Our continued success in 2019 and the strength early in 2020 is a direct result of all of their hard work and we look forward to building on the success in 2020 and beyond, as Noodles reaches its tremendous growth potential. Victor, please open the lines for Q&A..
Thank you. [Operator Instructions]. And our first question will come from the line of Jake Bartlett from SunTrust. You may begin..
Great. Thanks for taking the questions. My first questions were about the same-store sales and understanding the cadence in the fourth quarter and then also on quarter-to-date. You did – it sounds like your sales momentum is strong currently, but it was below the low end of the range for 2019.
So I just wanted to understand what happened as you kind of – as you turned on to marketing again after the rewards program, whether that was later than you expected, any other kind of factors that might have caused the slight miss in the fourth quarter?.
Sure. Thanks, Jake. It’s a great question. And so with same-store sales, during the last earnings call, we had talked about how they were positive leading up to that earnings call thus far in Q4. We anticipated that they would accelerate during the back half of the year.

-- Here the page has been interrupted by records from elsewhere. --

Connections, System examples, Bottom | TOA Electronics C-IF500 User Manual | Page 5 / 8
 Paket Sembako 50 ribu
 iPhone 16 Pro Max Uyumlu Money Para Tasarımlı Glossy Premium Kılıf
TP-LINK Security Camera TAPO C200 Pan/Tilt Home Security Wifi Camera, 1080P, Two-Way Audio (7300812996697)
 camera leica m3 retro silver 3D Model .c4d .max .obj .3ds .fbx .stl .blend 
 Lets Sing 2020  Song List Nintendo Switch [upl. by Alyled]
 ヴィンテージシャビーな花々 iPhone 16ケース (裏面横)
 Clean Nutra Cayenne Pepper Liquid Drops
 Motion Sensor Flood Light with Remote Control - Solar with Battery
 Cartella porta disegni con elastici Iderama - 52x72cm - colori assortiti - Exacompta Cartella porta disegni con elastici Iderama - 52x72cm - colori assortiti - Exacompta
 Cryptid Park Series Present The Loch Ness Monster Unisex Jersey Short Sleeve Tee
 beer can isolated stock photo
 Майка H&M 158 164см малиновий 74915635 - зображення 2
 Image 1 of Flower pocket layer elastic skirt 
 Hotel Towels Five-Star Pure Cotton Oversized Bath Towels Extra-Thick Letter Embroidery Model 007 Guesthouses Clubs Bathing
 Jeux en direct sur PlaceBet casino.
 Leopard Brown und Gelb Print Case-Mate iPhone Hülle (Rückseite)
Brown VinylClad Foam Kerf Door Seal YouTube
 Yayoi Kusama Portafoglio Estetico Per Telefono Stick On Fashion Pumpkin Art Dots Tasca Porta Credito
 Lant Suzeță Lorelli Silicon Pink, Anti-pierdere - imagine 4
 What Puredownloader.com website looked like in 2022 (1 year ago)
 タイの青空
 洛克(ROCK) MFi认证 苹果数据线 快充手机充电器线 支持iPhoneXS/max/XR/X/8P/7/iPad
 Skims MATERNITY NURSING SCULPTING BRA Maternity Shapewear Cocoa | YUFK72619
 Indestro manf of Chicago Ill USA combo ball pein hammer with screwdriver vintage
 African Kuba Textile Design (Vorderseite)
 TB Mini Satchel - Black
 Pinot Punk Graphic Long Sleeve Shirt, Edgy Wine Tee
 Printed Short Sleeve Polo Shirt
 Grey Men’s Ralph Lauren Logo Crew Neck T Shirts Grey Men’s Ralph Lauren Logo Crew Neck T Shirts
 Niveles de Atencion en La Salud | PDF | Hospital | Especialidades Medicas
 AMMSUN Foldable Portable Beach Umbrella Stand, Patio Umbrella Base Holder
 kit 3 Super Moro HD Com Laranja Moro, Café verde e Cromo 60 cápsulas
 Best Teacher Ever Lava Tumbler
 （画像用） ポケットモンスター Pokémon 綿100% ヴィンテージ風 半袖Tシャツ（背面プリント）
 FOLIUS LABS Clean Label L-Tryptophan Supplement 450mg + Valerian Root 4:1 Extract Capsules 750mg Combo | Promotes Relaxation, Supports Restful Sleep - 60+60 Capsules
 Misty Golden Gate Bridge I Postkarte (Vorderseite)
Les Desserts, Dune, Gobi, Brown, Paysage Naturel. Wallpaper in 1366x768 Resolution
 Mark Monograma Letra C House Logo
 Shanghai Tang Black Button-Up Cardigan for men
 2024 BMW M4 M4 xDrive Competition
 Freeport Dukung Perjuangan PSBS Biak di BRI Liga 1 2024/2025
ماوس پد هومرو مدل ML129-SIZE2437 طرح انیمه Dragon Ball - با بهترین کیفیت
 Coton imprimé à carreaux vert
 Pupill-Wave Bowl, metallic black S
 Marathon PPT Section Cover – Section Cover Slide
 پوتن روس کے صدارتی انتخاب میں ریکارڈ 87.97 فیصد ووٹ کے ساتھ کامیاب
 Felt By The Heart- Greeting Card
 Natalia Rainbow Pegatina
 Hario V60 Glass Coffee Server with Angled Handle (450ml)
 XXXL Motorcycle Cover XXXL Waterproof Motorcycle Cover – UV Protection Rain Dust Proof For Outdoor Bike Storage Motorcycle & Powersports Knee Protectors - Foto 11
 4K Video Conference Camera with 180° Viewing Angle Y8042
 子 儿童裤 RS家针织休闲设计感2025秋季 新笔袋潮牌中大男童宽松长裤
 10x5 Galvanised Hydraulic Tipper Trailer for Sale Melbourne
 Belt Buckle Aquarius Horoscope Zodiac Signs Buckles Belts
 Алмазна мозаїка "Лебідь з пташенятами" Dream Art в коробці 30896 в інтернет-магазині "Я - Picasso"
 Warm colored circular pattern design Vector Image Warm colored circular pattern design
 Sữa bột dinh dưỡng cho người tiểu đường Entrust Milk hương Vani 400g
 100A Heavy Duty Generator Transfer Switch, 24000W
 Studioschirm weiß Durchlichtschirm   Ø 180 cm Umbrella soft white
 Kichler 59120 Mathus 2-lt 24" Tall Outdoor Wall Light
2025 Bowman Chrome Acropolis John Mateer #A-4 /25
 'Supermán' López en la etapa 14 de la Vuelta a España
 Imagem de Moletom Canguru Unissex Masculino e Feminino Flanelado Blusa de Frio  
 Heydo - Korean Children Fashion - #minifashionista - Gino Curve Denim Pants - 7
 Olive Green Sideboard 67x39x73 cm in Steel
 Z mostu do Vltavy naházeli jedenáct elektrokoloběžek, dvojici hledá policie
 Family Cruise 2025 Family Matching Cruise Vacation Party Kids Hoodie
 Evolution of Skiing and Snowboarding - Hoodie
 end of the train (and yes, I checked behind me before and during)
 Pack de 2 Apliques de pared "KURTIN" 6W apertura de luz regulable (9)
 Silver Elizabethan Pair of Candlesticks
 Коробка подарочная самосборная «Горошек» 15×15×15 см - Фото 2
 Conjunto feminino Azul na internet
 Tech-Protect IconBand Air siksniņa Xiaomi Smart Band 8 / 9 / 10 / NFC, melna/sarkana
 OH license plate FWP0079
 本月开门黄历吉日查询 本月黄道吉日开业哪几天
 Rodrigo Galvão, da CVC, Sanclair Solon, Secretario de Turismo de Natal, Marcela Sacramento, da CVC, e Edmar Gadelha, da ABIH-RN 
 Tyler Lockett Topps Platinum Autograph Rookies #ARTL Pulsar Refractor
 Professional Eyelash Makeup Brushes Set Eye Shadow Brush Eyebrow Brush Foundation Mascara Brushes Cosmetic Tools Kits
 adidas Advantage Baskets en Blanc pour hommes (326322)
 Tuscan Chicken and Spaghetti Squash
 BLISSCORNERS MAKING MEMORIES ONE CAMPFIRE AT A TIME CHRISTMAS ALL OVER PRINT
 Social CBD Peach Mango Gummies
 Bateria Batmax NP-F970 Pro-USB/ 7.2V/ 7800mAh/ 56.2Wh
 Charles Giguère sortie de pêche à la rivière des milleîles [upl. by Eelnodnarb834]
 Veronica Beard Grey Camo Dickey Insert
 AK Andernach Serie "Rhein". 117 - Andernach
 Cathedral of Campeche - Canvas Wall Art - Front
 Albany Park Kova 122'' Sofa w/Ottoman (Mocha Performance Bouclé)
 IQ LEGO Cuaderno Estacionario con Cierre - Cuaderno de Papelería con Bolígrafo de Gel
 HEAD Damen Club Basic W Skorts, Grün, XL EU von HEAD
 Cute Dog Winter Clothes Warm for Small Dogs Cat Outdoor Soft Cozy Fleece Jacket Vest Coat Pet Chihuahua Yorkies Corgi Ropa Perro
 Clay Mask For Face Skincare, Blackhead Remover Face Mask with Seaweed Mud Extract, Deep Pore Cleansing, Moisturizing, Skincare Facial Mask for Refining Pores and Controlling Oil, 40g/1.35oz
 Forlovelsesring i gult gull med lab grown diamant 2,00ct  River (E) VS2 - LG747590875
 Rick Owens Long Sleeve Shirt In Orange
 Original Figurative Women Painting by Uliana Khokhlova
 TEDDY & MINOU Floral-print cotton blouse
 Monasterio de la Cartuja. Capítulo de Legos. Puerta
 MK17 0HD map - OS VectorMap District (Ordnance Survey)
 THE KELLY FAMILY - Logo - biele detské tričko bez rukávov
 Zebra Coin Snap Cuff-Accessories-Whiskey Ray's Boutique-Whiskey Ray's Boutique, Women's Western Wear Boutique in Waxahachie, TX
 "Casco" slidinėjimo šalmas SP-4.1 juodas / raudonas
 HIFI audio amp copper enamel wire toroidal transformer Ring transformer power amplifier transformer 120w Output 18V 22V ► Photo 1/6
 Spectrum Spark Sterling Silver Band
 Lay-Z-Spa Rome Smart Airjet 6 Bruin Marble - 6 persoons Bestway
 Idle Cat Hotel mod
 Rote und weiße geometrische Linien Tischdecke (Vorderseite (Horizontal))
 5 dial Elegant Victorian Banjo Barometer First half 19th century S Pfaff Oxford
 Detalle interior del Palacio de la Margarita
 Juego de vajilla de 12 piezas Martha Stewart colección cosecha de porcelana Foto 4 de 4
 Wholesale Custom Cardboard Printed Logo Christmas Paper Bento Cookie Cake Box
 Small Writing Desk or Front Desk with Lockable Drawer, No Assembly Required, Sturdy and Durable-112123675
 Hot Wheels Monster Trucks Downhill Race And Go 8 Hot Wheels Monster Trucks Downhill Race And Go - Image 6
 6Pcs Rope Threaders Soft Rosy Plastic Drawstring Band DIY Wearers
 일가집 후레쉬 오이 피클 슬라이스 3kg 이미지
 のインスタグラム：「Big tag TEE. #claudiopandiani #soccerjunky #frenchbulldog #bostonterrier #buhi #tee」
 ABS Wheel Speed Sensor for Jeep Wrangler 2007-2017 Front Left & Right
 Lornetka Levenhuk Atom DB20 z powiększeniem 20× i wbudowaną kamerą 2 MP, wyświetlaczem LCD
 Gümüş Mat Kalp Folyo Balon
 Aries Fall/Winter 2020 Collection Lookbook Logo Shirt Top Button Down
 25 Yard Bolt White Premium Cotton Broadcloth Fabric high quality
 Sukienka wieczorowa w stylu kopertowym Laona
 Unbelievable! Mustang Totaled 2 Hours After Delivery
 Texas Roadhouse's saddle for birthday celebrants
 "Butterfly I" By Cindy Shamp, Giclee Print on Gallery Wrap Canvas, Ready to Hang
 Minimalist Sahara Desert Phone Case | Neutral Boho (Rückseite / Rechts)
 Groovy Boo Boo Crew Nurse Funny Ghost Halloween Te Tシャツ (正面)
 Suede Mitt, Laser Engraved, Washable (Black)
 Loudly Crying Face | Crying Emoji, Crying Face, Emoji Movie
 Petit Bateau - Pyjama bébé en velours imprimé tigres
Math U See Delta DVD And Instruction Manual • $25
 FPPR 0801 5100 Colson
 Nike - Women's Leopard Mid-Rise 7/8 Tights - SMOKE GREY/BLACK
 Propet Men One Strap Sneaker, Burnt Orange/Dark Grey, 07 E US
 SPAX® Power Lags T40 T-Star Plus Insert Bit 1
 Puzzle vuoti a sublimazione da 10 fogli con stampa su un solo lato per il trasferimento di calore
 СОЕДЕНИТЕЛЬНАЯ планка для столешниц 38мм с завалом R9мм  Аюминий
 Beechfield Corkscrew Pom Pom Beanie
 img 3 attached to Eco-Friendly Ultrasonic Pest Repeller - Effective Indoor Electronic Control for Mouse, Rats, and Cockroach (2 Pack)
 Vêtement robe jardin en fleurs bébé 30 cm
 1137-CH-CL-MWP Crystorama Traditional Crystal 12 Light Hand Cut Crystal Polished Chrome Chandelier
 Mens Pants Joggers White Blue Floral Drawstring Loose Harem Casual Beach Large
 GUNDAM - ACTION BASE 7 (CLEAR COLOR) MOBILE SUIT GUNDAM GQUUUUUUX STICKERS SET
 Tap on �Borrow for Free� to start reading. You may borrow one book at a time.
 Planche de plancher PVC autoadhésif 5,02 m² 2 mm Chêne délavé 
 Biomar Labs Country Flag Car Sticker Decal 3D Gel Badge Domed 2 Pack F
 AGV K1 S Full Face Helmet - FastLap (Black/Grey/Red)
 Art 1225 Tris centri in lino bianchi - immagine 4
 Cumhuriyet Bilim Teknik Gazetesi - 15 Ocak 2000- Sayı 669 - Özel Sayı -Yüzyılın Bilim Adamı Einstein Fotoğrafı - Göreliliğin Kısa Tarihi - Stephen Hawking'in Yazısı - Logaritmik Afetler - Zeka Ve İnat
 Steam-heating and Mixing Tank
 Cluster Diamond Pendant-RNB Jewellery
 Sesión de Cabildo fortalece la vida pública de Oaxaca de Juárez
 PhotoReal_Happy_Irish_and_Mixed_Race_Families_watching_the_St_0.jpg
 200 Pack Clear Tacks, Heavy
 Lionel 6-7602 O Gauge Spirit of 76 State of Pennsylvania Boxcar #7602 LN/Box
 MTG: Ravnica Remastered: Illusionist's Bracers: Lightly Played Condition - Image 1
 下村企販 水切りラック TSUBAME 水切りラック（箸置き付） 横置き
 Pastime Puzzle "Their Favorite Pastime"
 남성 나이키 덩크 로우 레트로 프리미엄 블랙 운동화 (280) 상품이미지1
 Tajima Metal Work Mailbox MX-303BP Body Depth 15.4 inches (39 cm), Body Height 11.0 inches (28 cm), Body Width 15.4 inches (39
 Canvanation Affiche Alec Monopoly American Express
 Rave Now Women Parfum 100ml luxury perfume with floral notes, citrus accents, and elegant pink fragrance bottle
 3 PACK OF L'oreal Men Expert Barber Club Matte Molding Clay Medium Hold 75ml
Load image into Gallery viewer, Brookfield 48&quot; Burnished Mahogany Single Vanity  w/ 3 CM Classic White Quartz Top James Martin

They absolutely did so and particularly strengthen kind of week-in, week-out and got stronger and stronger as the quarter went on. Then the same thing has happened thus far in 2020.
And one thing that gets us excited about the numbers that we have seen thus far in 2020 is that we just do continuously see momentum kind of growing on a very regular basis. As it relates to where we fell on guidance, just a touch shy of where we had expected to land in the quarter.
Much of that just took a little bit longer for that momentum to really get triggered. But once it did, we’ve been very excited..
Great. And just understanding the quarter-to-date, I believe you were running fairly strong last January and then things like the polar vortex and all the crazy weather you had in Denver hit.
But just to help us understand what the year ago comparisons for the kind of the quarter-to-date numbers and if you can kind of frame it correctly?.
Yes, absolutely. When you look at the overall comparisons for 2020, certainly we are receiving some weather benefit as it relates to the first couple of months of this year.
But I think what’s exciting is that even when we normalize for that weather benefit, we are still seeing quarter-to-date performance at the top end of our guidance for the full year. So weather has been really just a small factor relative to some of the other factors which a lot of that is around the digital engagement..
Got it. And then last questions are about the restaurant margin guidance. And it looks like there’s about 90 basis points of expansion that you’re expecting. Can you help us kind of understand what’s baked into that? One question would be around the delivery.
How much of the kind of 1.6% of delivery pressure from the fee there can you reclaim with the new pricing structure? So that’s one part of it.
And then the other is how much of the kitchen equipment changes are baked in? Is it just the process, I believe around 50 basis points from the process change that’s baked in or do you have an assumption of rolling out, say, the steamers earlier or anything else that we should think about?.
Yes, I’ll touch on the labor side and then if Ken can give some texture on delivery and the balance of our margin expectations.
With labor we did institute process changes in late January that we expect will save about one to one and a half hours of labor per restaurant per day, which is a meaningful number that allows us to combat a significant amount of labor inflation.
There’s a little bit incorporated into our guidance in terms of benefit that we would expect from further rollout. But as we said in the prepared remarks, it’s going to be pretty disciplined.
So whether we’re looking at the capital aspect or the labor savings aspect, we want to ensure that we’re setting the right program in place for us to have a strong ROI and really give us the flexibility for future innovation. In terms of delivery, maybe Ken can give some of those reference points..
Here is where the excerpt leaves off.